WORK REQUEST -
In the records below, find the line containing "VidaXL Sta-op-massagestoel verstelbaar" and the line containing "Modern Coffee Leather". Give again exactly those lines and every line between them, omitting the pictures.
SOURCE DATA below:
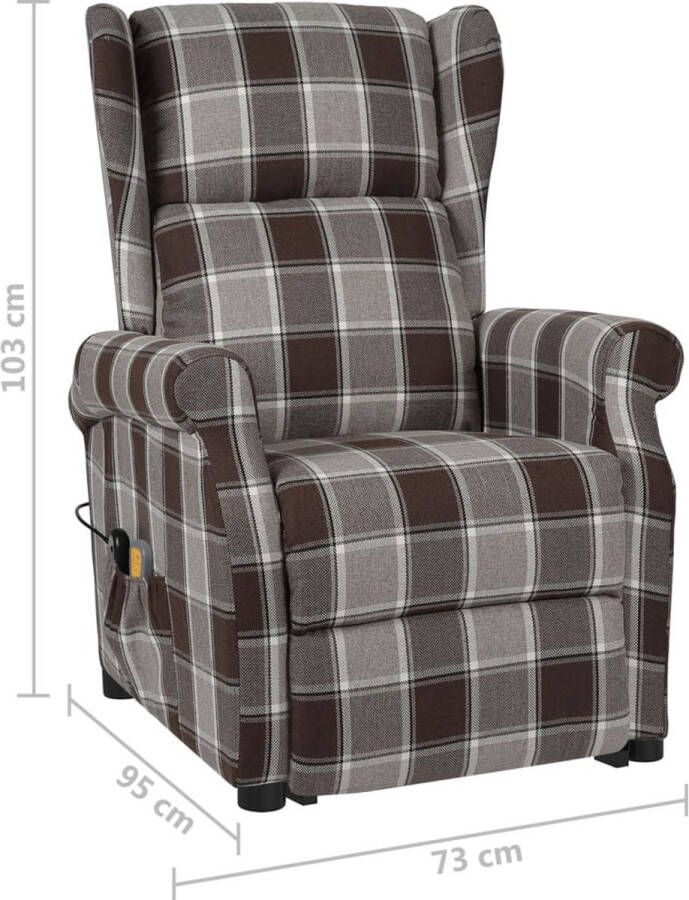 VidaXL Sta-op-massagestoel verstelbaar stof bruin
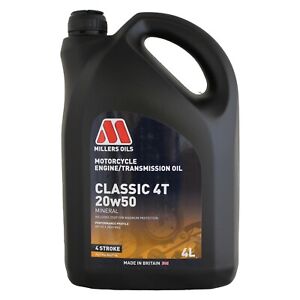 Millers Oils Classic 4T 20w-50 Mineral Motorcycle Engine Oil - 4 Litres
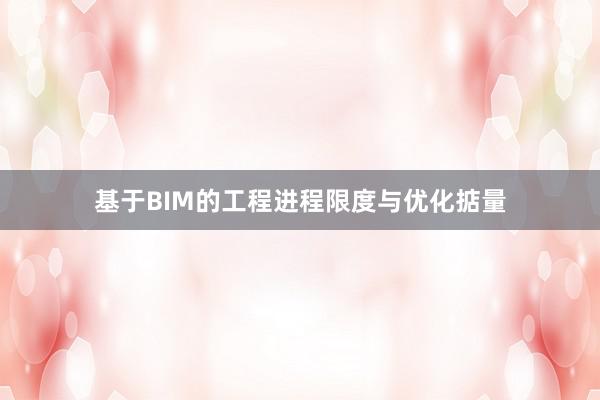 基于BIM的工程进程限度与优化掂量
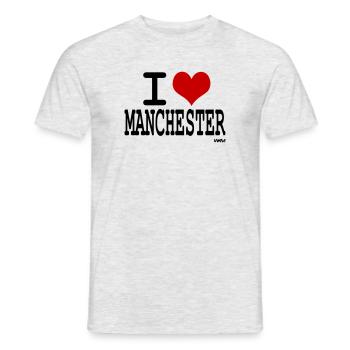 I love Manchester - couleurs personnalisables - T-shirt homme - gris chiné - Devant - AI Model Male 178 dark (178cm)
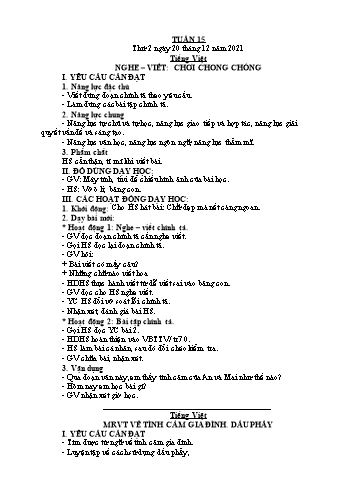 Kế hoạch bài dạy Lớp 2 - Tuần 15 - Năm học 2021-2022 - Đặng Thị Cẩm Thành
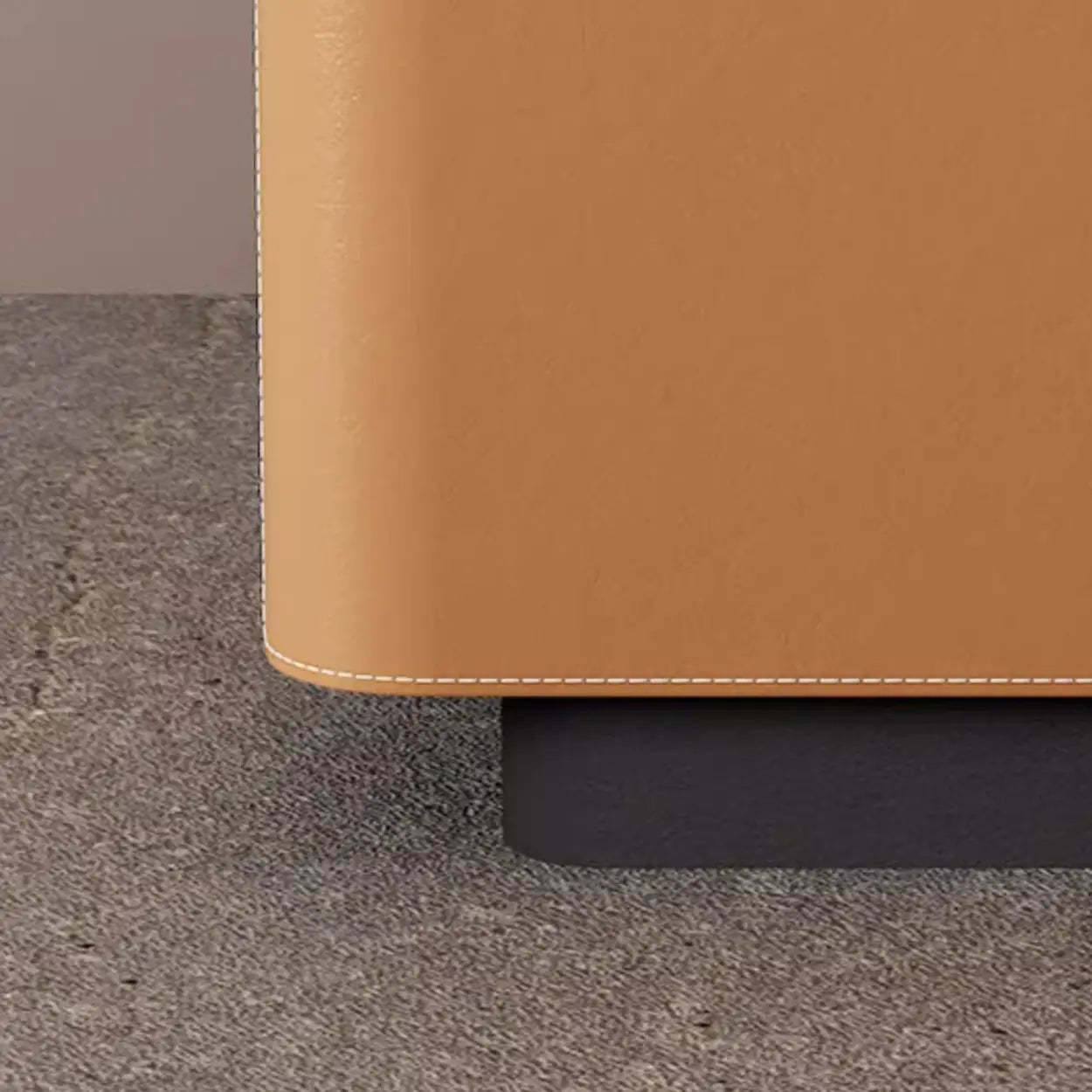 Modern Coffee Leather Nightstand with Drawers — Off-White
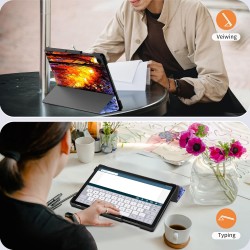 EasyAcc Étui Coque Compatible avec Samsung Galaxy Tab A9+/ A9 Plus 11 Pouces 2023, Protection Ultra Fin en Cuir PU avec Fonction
End of SOURCE DATA.
SOURCE DATA below:
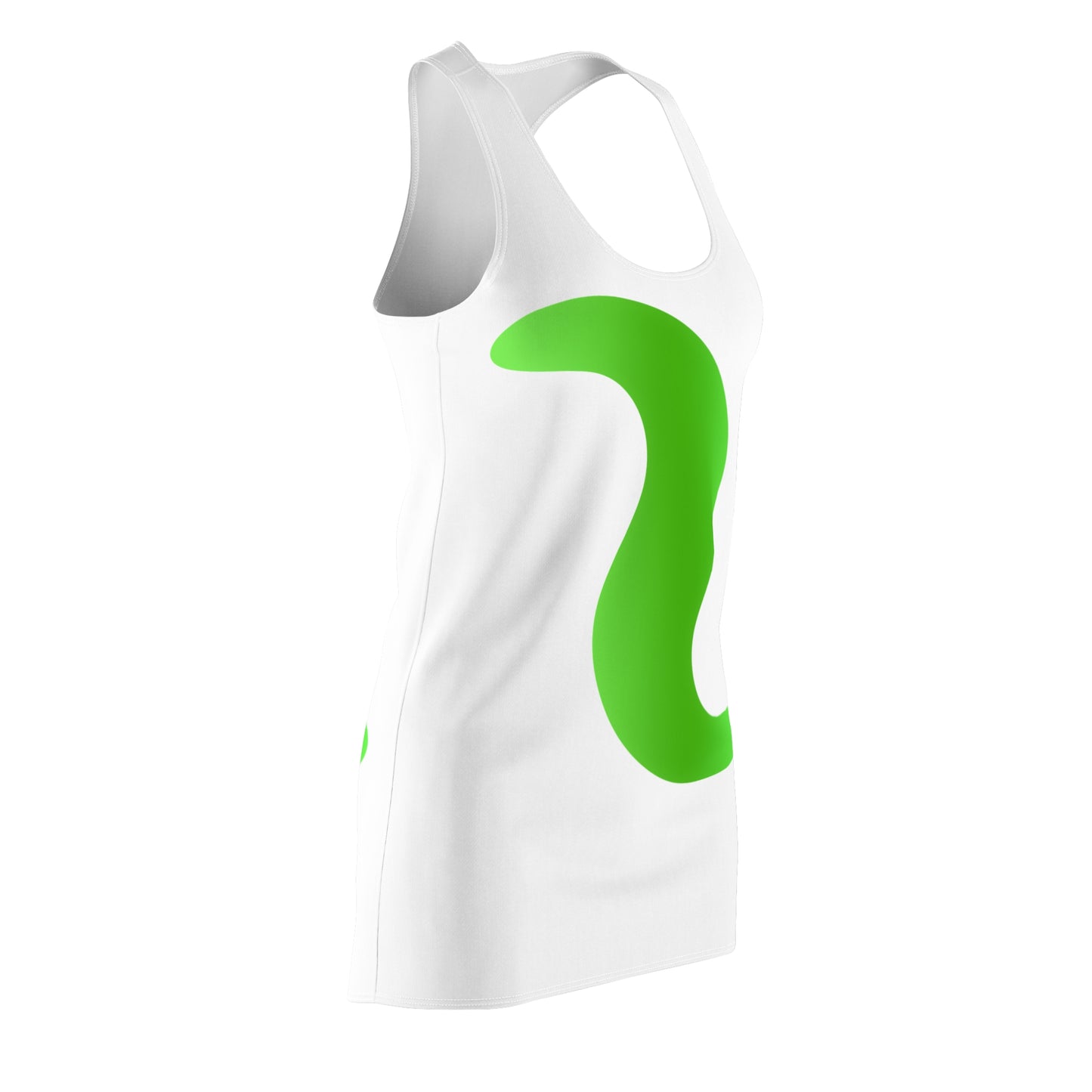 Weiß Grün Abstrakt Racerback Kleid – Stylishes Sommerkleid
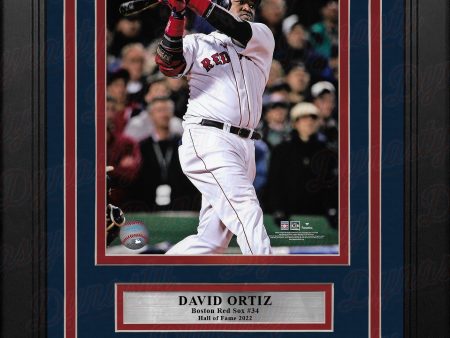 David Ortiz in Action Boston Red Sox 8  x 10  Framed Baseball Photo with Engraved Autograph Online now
End of SOURCE DATA.
OUTPUT OF THE TASK -
 VidaXL Sta-op-massagestoel verstelbaar stof bruin
 Millers Oils Classic 4T 20w-50 Mineral Motorcycle Engine Oil - 4 Litres
 基于BIM的工程进程限度与优化掂量
 I love Manchester - couleurs personnalisables - T-shirt homme - gris chiné - Devant - AI Model Male 178 dark (178cm)
 Kế hoạch bài dạy Lớp 2 - Tuần 15 - Năm học 2021-2022 - Đặng Thị Cẩm Thành
 Modern Coffee Leather Nightstand with Drawers — Off-White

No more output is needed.